--- SUPPLIED MATERIAL ---

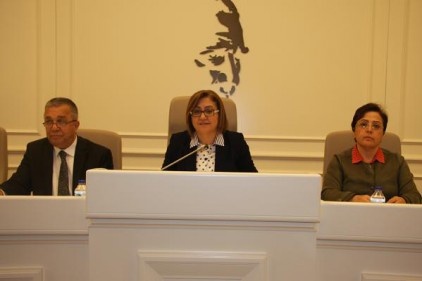 Hakkın rızasıyla bu işin altından kalkacağız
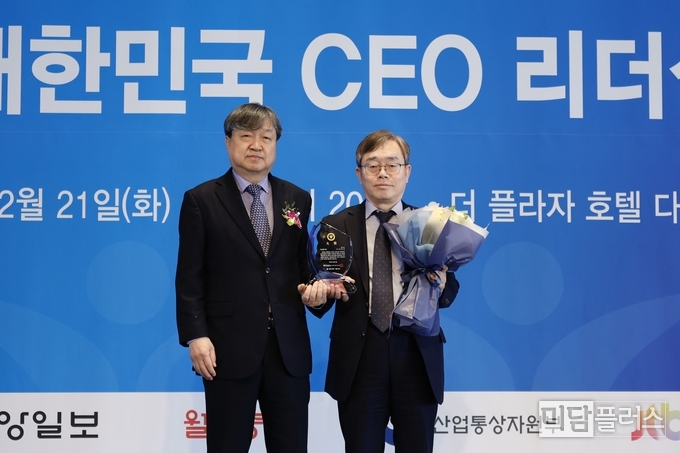 ‘2025 대한민국 CEO 리더십 대상’ 조승문 화성 제 2 부시장 대리 수상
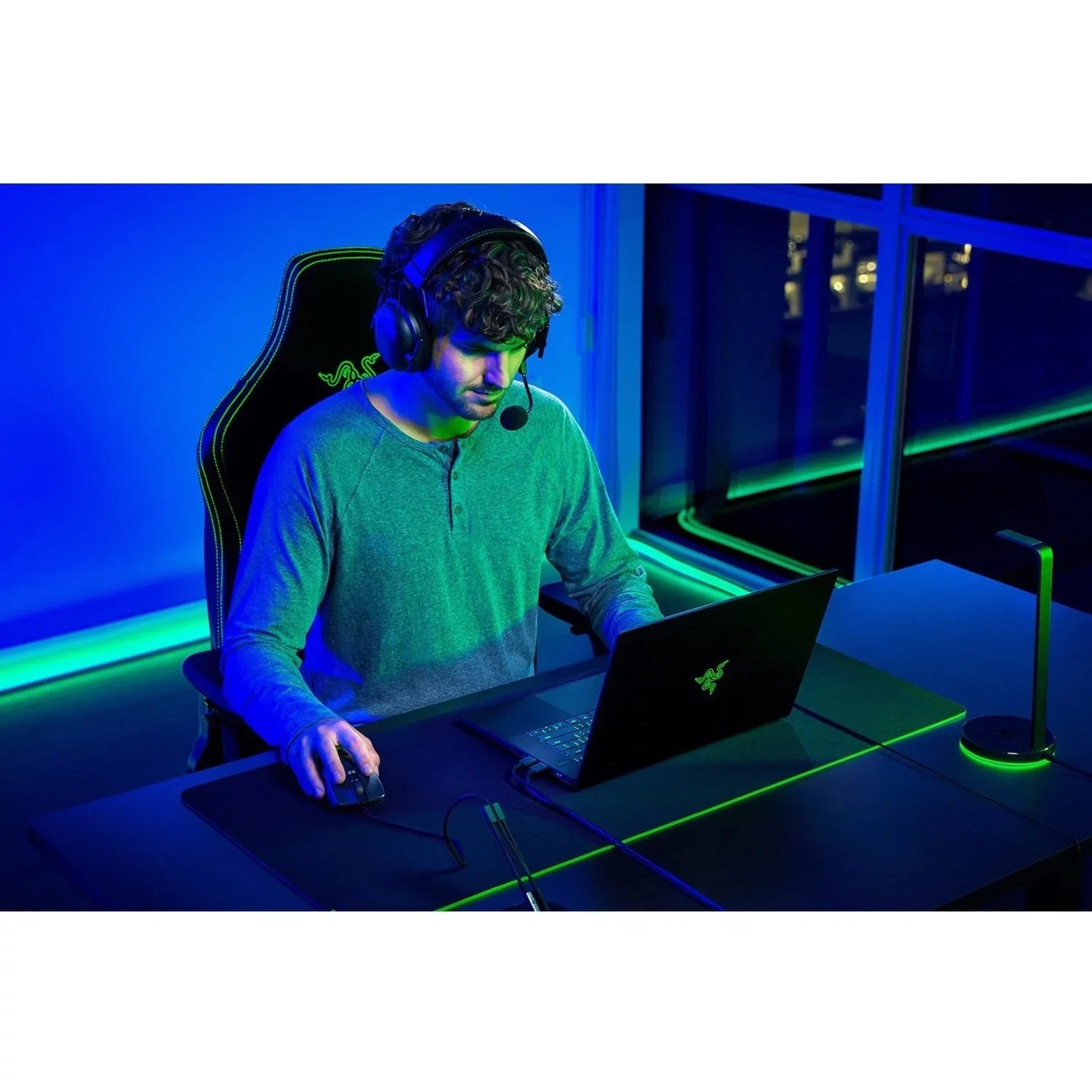 Razer i9-12900H, SSD, 16 NVIDIA 4K Intel Gaming 11 GB, 15.6" 1TB Home UHD 3080 Laptop, GeForce Core i9 Edition Ti Advanced Blade Windows 15 RTX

---

Starting at the line with "2 부시장 대리 수상", transcribe the listing above exactly through its last line. No picture belongs in the transcription.

● RESULT BELOW
 ‘2025 대한민국 CEO 리더십 대상’ 조승문 화성 제 2 부시장 대리 수상
 Razer i9-12900H, SSD, 16 NVIDIA 4K Intel Gaming 11 GB, 15.6" 1TB Home UHD 3080 Laptop, GeForce Core i9 Edition Ti Advanced Blade Windows 15 RTX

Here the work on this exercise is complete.